Tullow Oil's production is set to grow to between 94,000 and 102,000 barrel of oil equivalent per day (boed) this year, from 90,000 boed last year as it increases output in Ghana.
The Africa-focused company had previously expected around $208m from selling part of its stake in Ugandan oilfields to come in before the end of 2018.
But the timeframe of the deal slipped which weighed on free cash flow and debt reduction.
In a trading update today, Tullow said its free cash flow stood at $410m.
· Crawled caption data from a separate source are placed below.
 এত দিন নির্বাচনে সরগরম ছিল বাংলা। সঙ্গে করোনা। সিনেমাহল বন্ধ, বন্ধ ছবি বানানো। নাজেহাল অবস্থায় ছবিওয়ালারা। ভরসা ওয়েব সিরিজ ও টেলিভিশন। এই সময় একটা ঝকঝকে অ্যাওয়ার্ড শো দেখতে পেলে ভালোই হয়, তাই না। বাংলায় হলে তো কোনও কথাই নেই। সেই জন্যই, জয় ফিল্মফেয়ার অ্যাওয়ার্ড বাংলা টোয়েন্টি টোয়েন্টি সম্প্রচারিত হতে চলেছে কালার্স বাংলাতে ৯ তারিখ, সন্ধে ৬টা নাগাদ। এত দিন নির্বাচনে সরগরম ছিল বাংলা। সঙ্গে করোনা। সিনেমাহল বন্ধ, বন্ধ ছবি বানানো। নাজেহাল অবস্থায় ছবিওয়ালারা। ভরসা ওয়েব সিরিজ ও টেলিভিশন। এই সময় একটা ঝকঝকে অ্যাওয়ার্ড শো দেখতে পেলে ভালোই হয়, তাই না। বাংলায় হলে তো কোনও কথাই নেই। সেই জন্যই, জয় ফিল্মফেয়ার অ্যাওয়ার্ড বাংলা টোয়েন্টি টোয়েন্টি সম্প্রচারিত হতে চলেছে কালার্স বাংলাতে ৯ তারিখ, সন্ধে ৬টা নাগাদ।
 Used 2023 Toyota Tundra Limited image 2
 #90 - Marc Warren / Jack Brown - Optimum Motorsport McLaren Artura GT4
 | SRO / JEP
It had previously said its cash flow for 2018 could reach as much as $700m.
Crude oil slumped by more than a third in the second half of 2018 to below $50 a barrel.
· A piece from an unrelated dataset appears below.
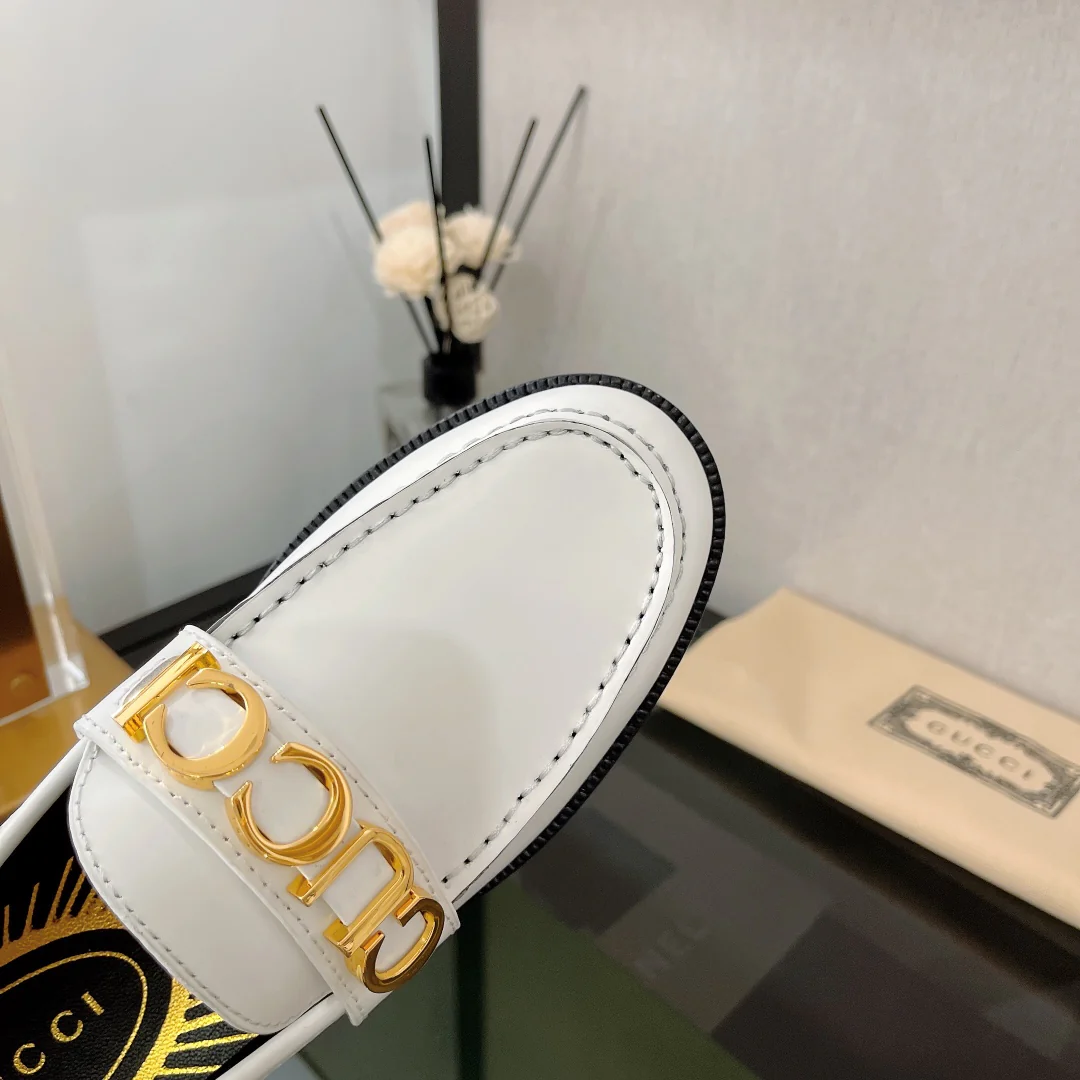Новинка Gucci 2022 года - Лоферы с металлическими пряжками в виде букв.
Tullow's net debt at the end of last year stood at $3.1 billion, higher than the $2.8 billion forecast.
Uganda's energy minister said in December that she had given Tullow conditional approval to sell part of its stake in Ugandan oilfields to France's Total and China's CNOOC but only after $167m of tax on the deal is paid, a view Tullow disagrees with.
Tullow said in November it would return to paying dividends, which it suspended in 2015 due to the oil price crash.
It expects to pay out at least $100m from 2019 with an option for a special dividend for this year.
Tullow said it had hedged around 55,700 barrels of oil per day (bopd) at a floor of $56.24 a barrel this year.
Its 2020 hedging position locked in 25,000 bopd with an average floor price protected of $59.00 a barrel.